Good news is that there is some organic Kale and lettuce in there, as well as organic tomatoes and strawberries.

Then, she strapped a monitor to my chest and special wrist watch and we headed to the gym. (We are fortunate to have a well appointed gym where we live that is a room to which I have paid rare visits.)

Her first step was to assess by putting me on the elliptical machine for a warm up for 10 minutes. It was OK to use a low setting as she just wanted to get my heart going. (The doctor preapproved this.)

I got into the mid 60’s pulse range and that was effortless. Next she had me do 20 jumping jacks and some stretching. The jumping jacks got my heart going.

Next we did some weight lifting, and used a machine to stretch my legs and ab muscles. None of this was easy because I don’t exercise. She explained all of the machines and emphasized which muscles were getting the work.

Just as I was about to say thanks and head upstairs, she said, “Oh no, you are just getting warmed up.” Then, we hopped on the walk-run treadmill for another 20 minutes, walking at my normal fast pace. I was sweating when were finished with that. Next, we had a cool down with more twisting and light exercise movements.

She explained that this basic foundation is something that would be increased over time to burn more calories. Oh yes, she was counting calories through all of the exercises, and my watch instrument recording information that she would use to assess.

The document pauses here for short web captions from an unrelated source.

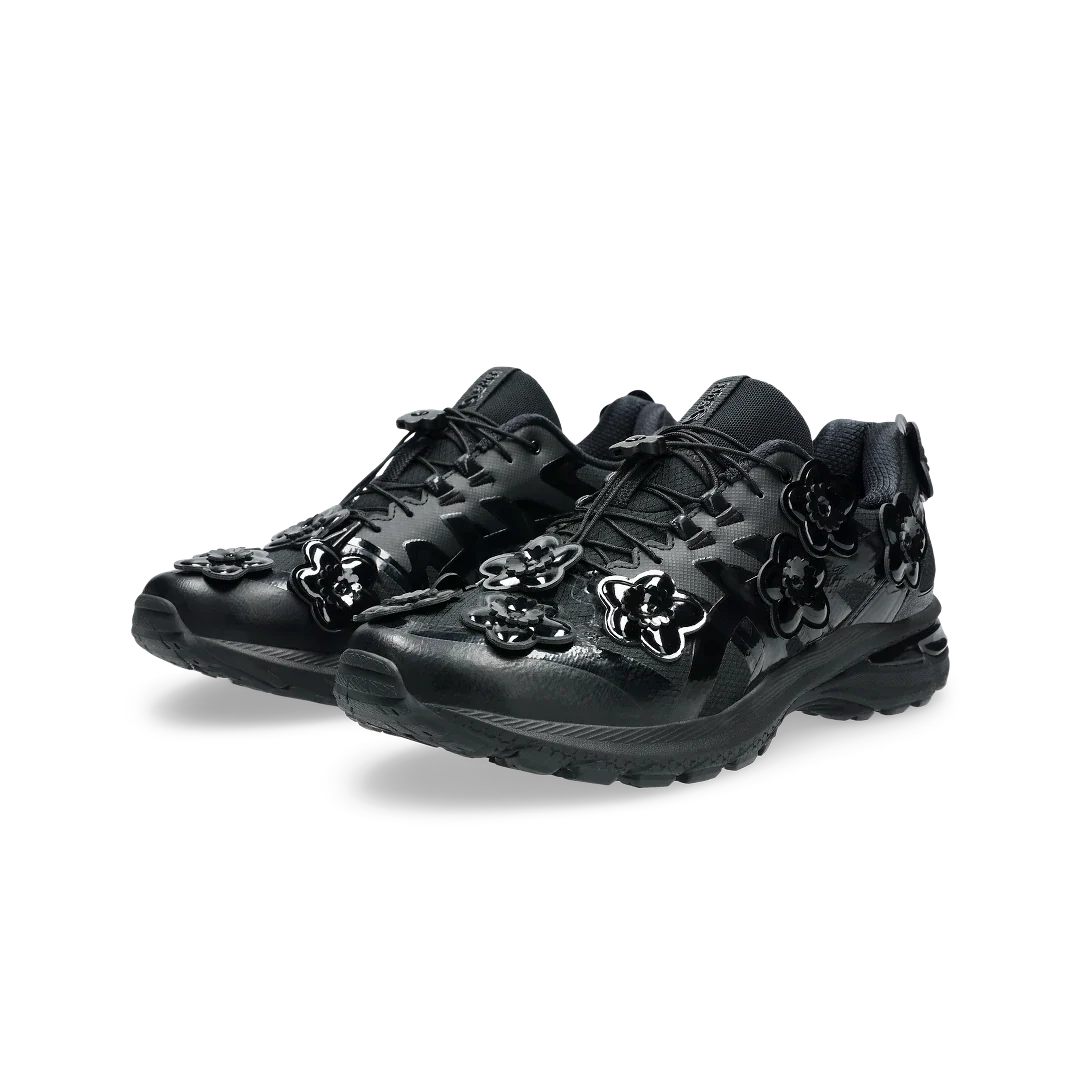 Overkicks - ASICS Gel-Terrain Cecilie Bahnsen Black (1203A526-001) - vista trasera
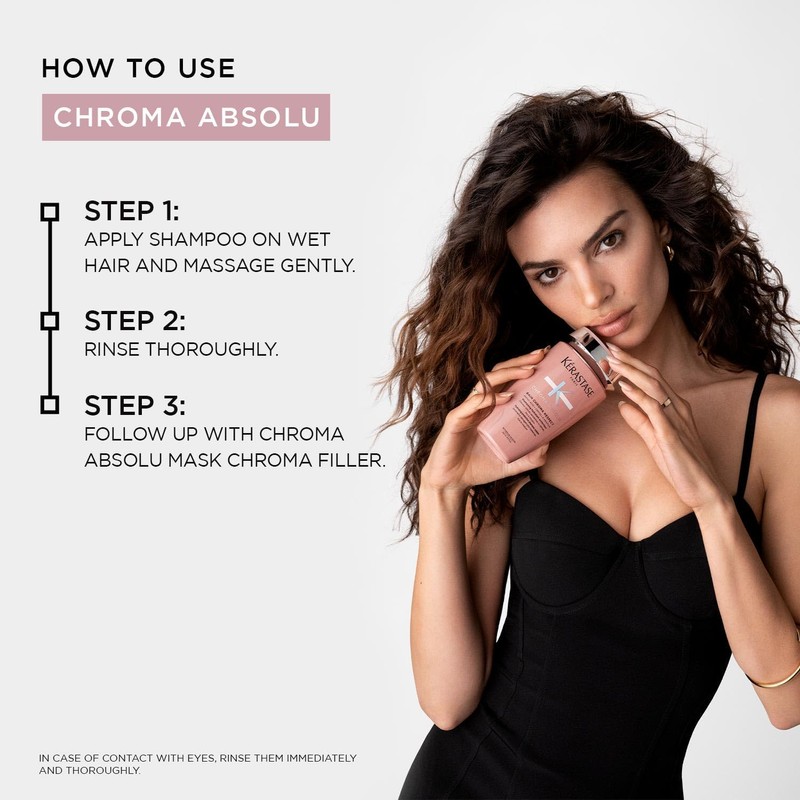 Kérastase Chroma Absolu Bain Chroma Respect Protective Shampoo for Coloured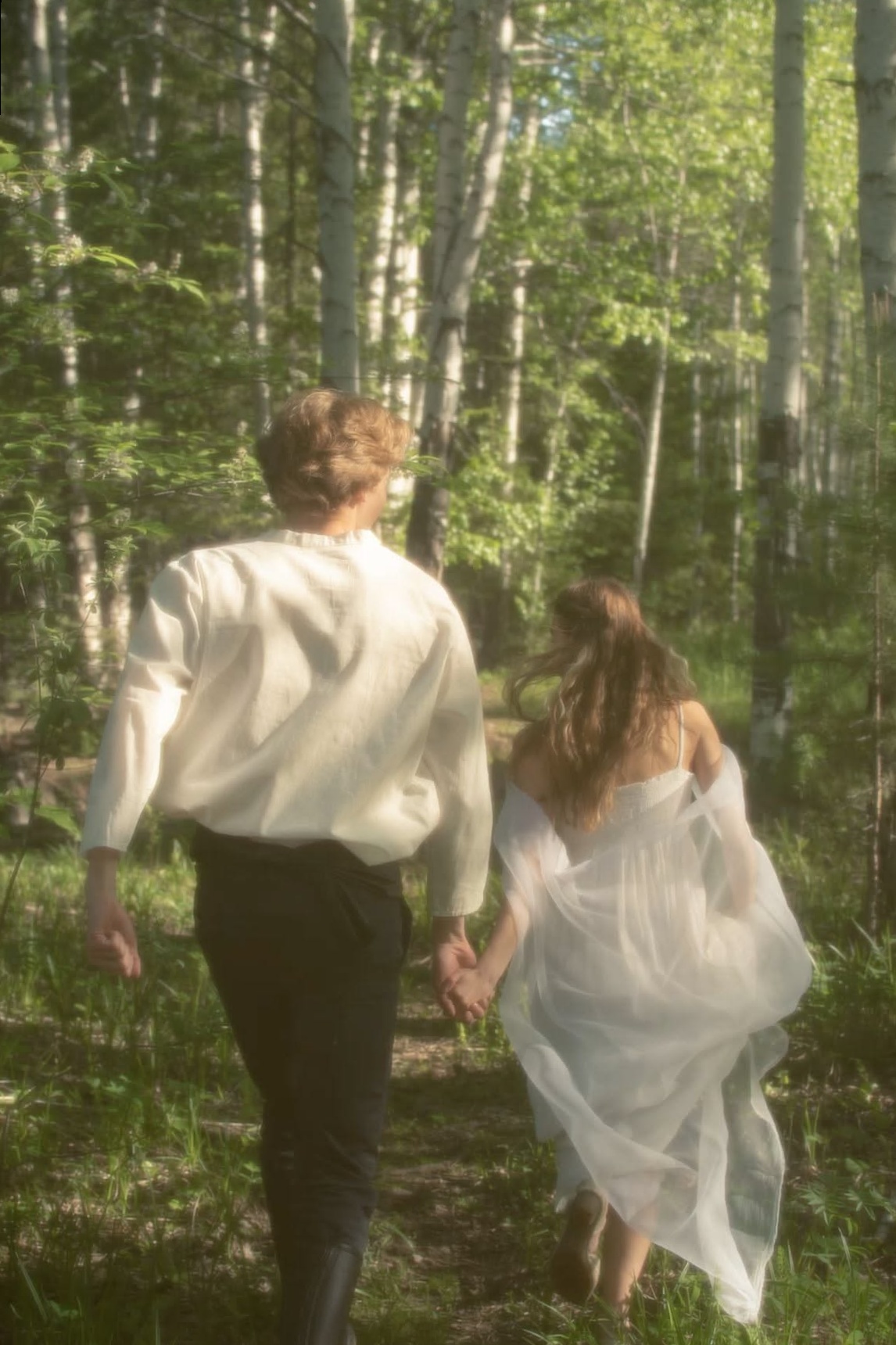 Fated Path: Soulful Wanderers in a Misty Woodland Realm — 🧘‍♀️ 925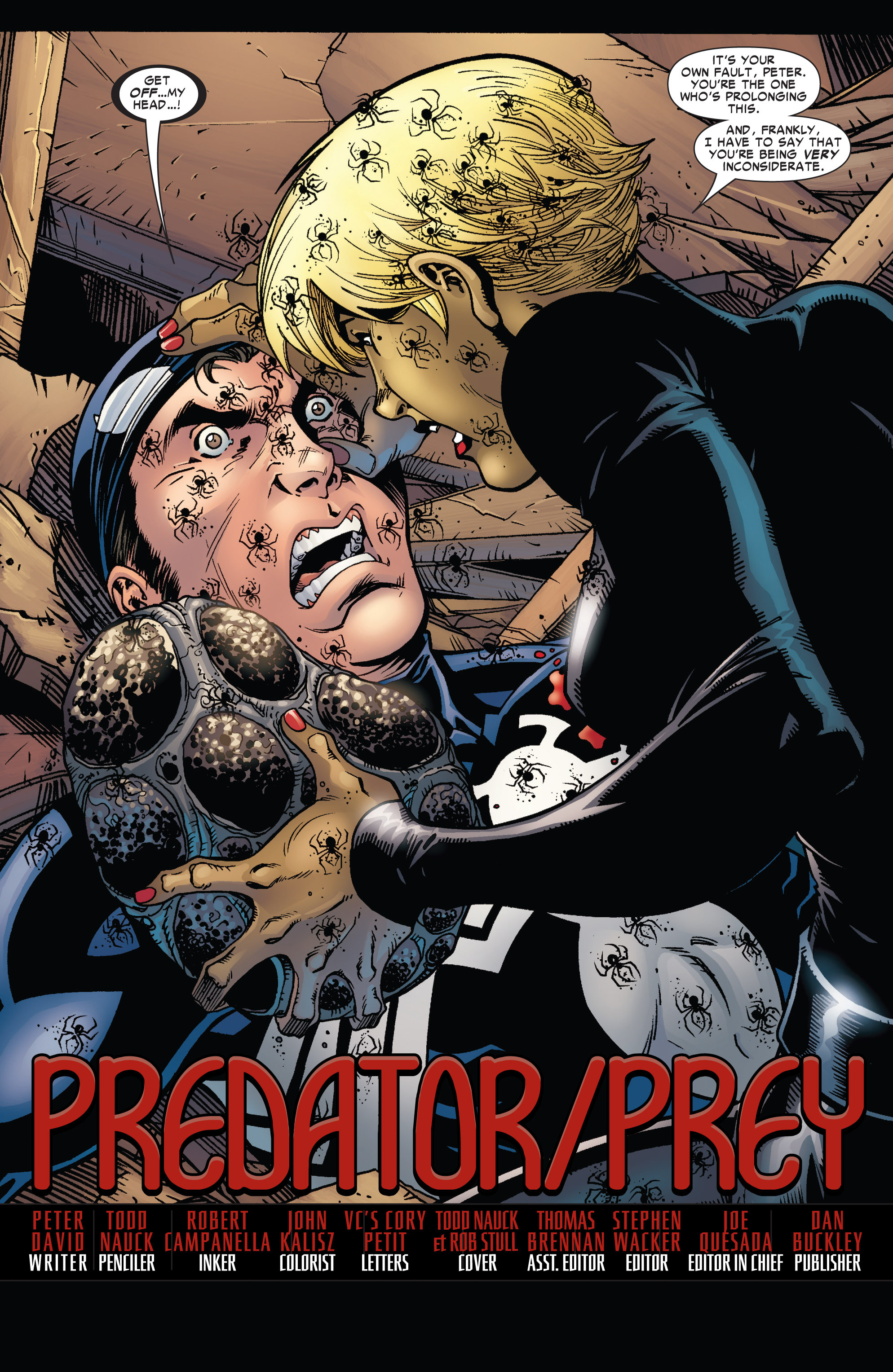 Read online Friendly Neighborhood Spider-Man comic -  Issue #22 - 6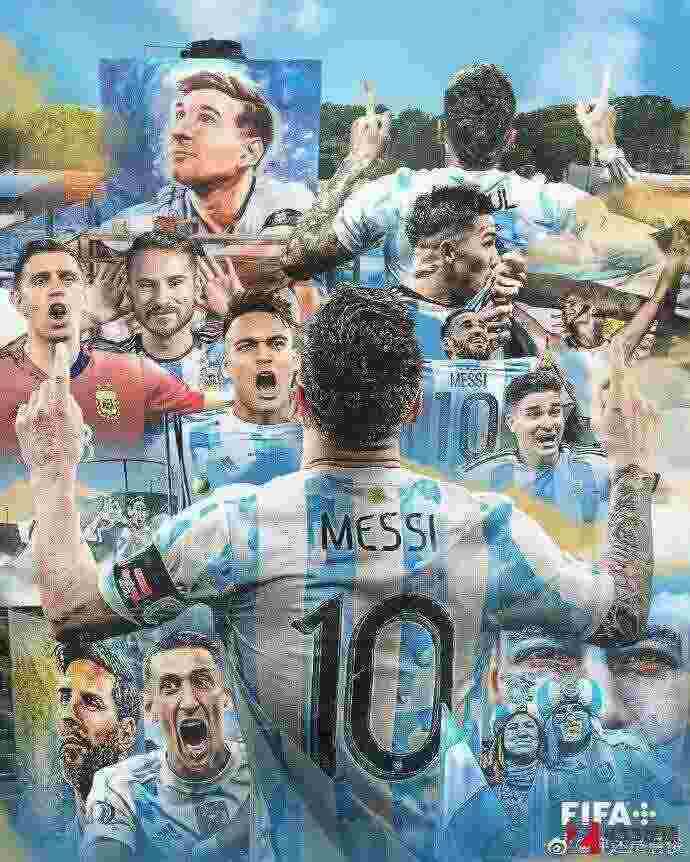 梅西,詹俊：梅西是球王是足球之神，阿根廷队是世界杯冠军！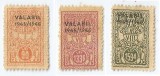 *lot 1116 cu 3 timbre fiscale de asigurari, 1945-1946, NG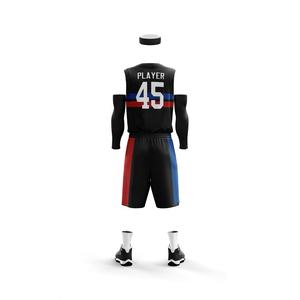 Uniforme de Baloncesto Personalizado con Diseño Impreso, Uniforme Deportivo de Baloncesto con Sublimación, Ropa de Equipo de Talla Grande, Secado Rápido y Transpirable - Product Image 4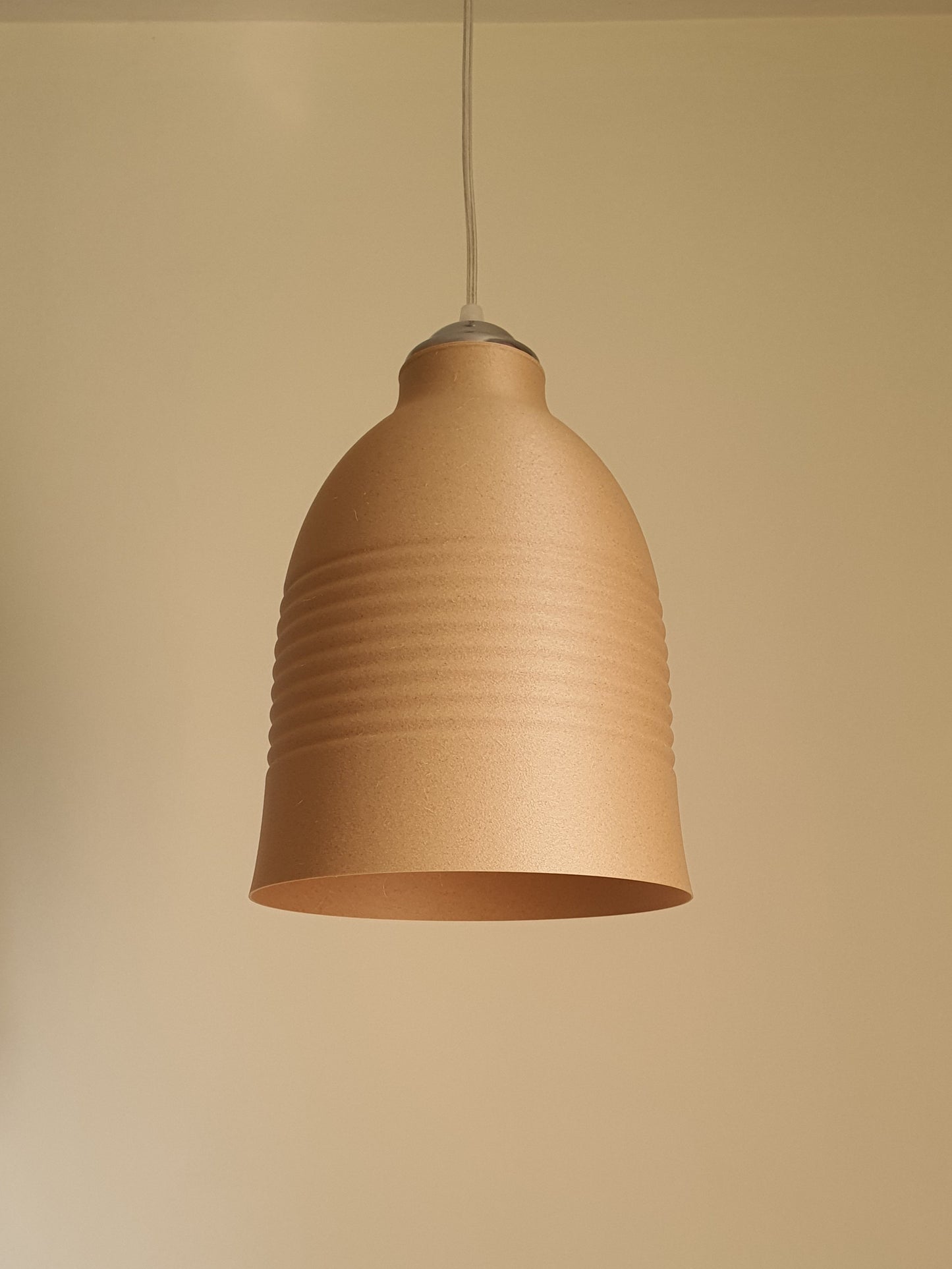 Bell-lit Pendant Light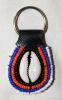 MAASAI BEADED KEY CHAIN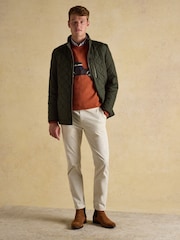 Chaqueta acolchada a rombos de Maynard de Joules - Imagen 4 de 10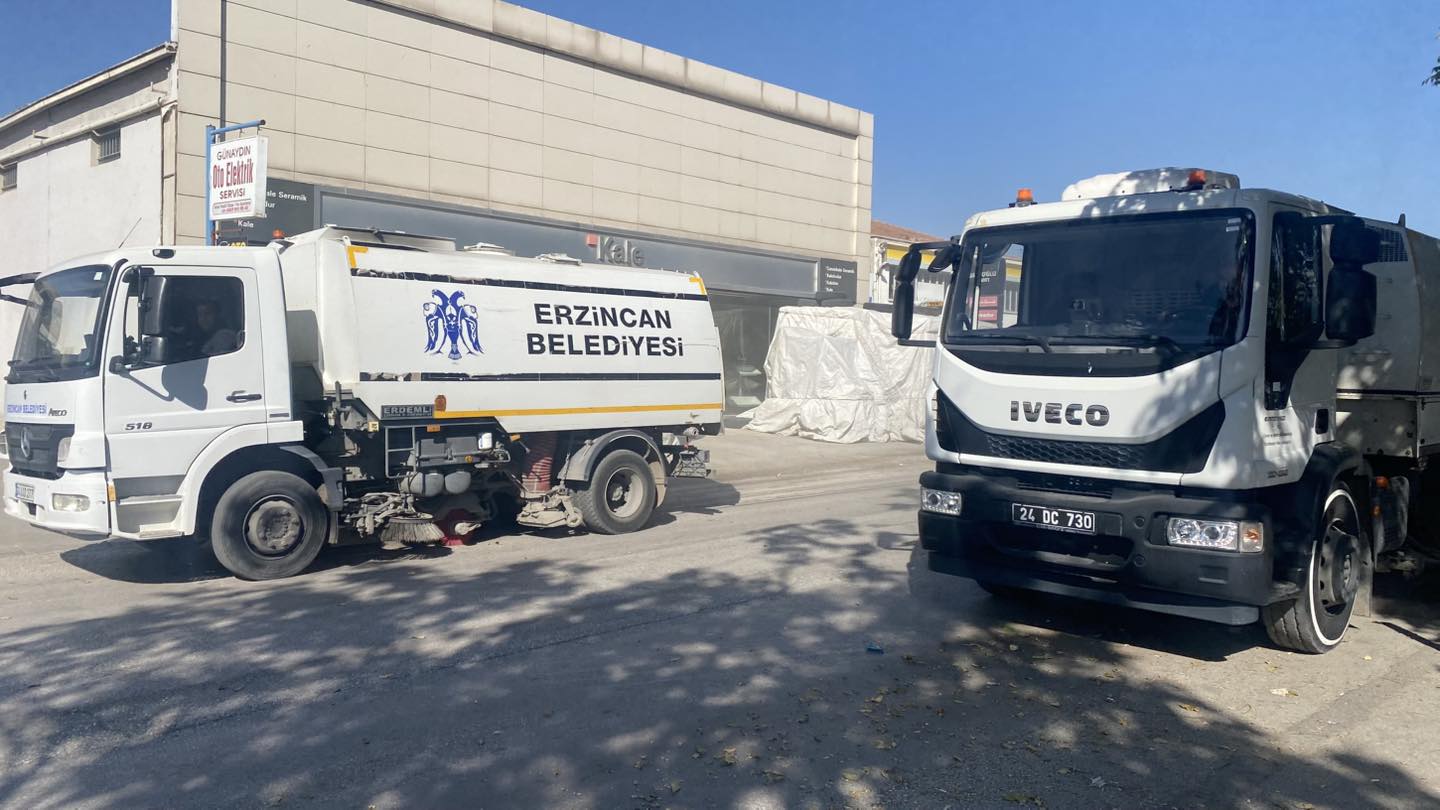 ESKİ SANAYİ SİTESİ’NDE KAPSAMLI TEMİZLİK ÇALIŞMASI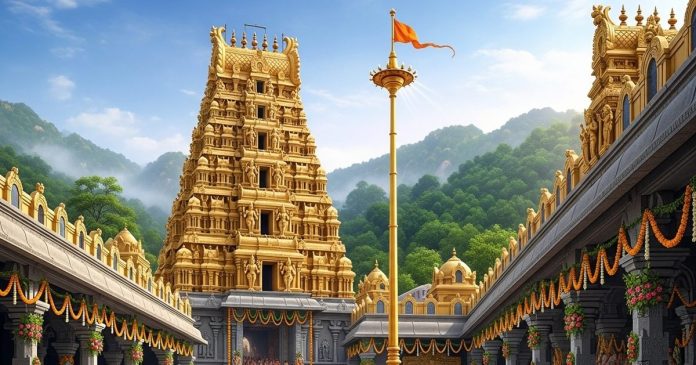 tirupati balaji temple 5 biggest secrets | why offers saree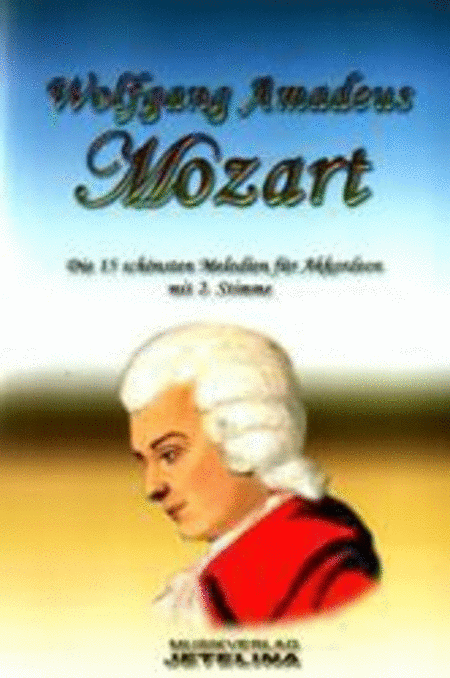  Wolfgang Amadeus Mozart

Back upstairs, she introduced me to an app called “My Fitness Pal.” It can be used on a cell phone or iPad. The purpose is to record breakfast, lunch, snacks, and dinner by entering everything that you eat. To make it easier, it has a bar code reader so that you can read from packages and it will calculate the calories by number of servings. The app allows you to reuse things that you have already entered. For instance, if you eat oatmeal for breakfast, you can recall that information. If you add specific fruits, it will help you calculate the calories.

See "My Fitness Pal":

You eventually calculate the calories you need for a person of your average age. It will help you set a weight goal, presumably for weight loss. You can adjust your diet, caloric intake, and exercise, calorie burn rate to produce calculated weight loss.

Having the personal trainer shadowing you all of the time, alarms go off. “Don’t eat that. Eat the carrots. Have some apple slices. No to all chips, crackers, and cheese. No to all bread, except organic all natural rye, etc.”

And there are reminders: “Time for a walk. Get out of that chair.”

You get the picture.

It used to be that people worked for a living, I mean hard labor. They gardened, they built things, and their activity was physical. Now, we don’t do enough physical work, so we must plan for that and add it into our lives.

We have been robbed of our good senses by the sugar and dairy industry, as well as consumer packaged goods industry. We have not been helped by government that frankly sold us a bill of goods about nutrition. Now, as a very obese nation, we are paying the price.

Part of the high healthcare costs in America start with poor diet and exercise.

What does that have to do with preppers and sustainable living? Just about everything, don’t you think?

My personal trainer went home. I lost 10 lbs and feel very fit. I look forward to my trips to the gym, and I am walking everywhere. There is nothing in the refrigerator or pantry that is not organic.